# [PROBLEM DESCRIPTION]
Each record below is to be output unchanged, and any picture is to be dropped.

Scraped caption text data
=== Section Start ===

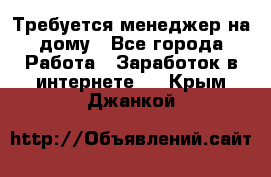 Требуется менеджер на дому - Все города Работа » Заработок в интернете   . Крым,Джанкой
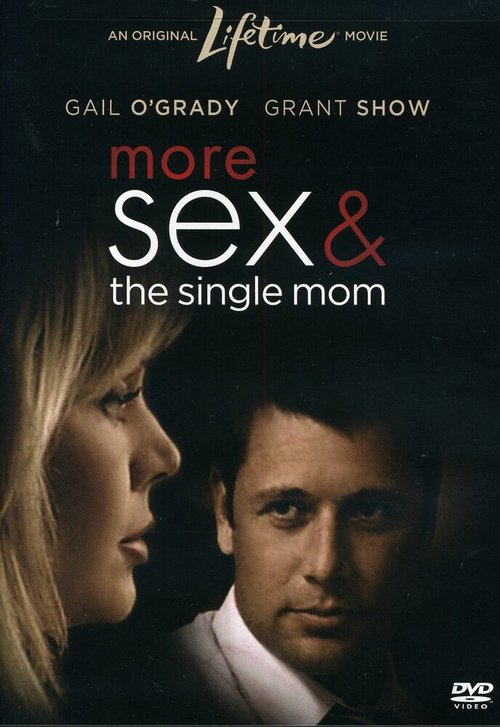 Смотреть фильм More Sex & the Single Mom (2005) онлайн в хорошем качестве HDRip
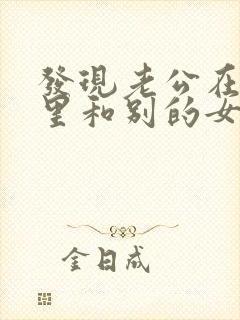 发现老公在微信里和别的女人暧昧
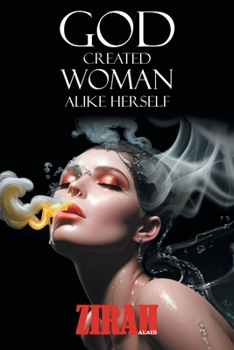 Paperback God Created Woman Alike Herself Book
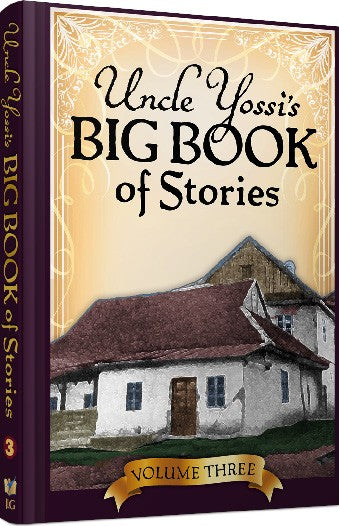 Uncle Yossi's Big Book of Stories, Vol. 3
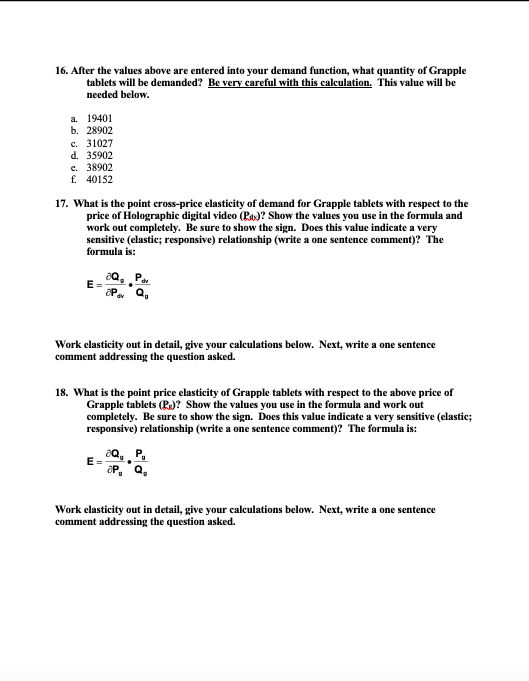 by your economics staff, has estimated a function to help you in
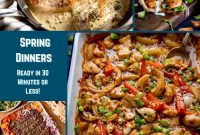 11 Quick Spring Dinners Ready in 30 Minutes or Less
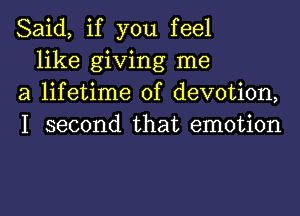 Said, if you feel

like giving me
a lifetime of devotion,
I second that emotion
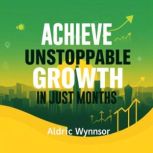 Achieve Unstoppable Growth in Just Mo..., Aldric Wynnsor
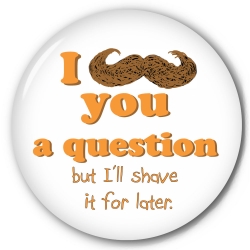 Mustache you a question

=== Section End ===

# [OUTPUT FOR THIS TASK]
 Требуется менеджер на дому - Все города Работа » Заработок в интернете   . Крым,Джанкой
 Смотреть фильм More Sex & the Single Mom (2005) онлайн в хорошем качестве HDRip
 发现老公在微信里和别的女人暧昧
 Paperback God Created Woman Alike Herself Book
 Uncle Yossi's Big Book of Stories, Vol. 3
 by your economics staff, has estimated a function to help you in
 11 Quick Spring Dinners Ready in 30 Minutes or Less
 Said, if you feel

like giving me
a lifetime of devotion,
I second that emotion
 Achieve Unstoppable Growth in Just Mo..., Aldric Wynnsor
 Mustache you a question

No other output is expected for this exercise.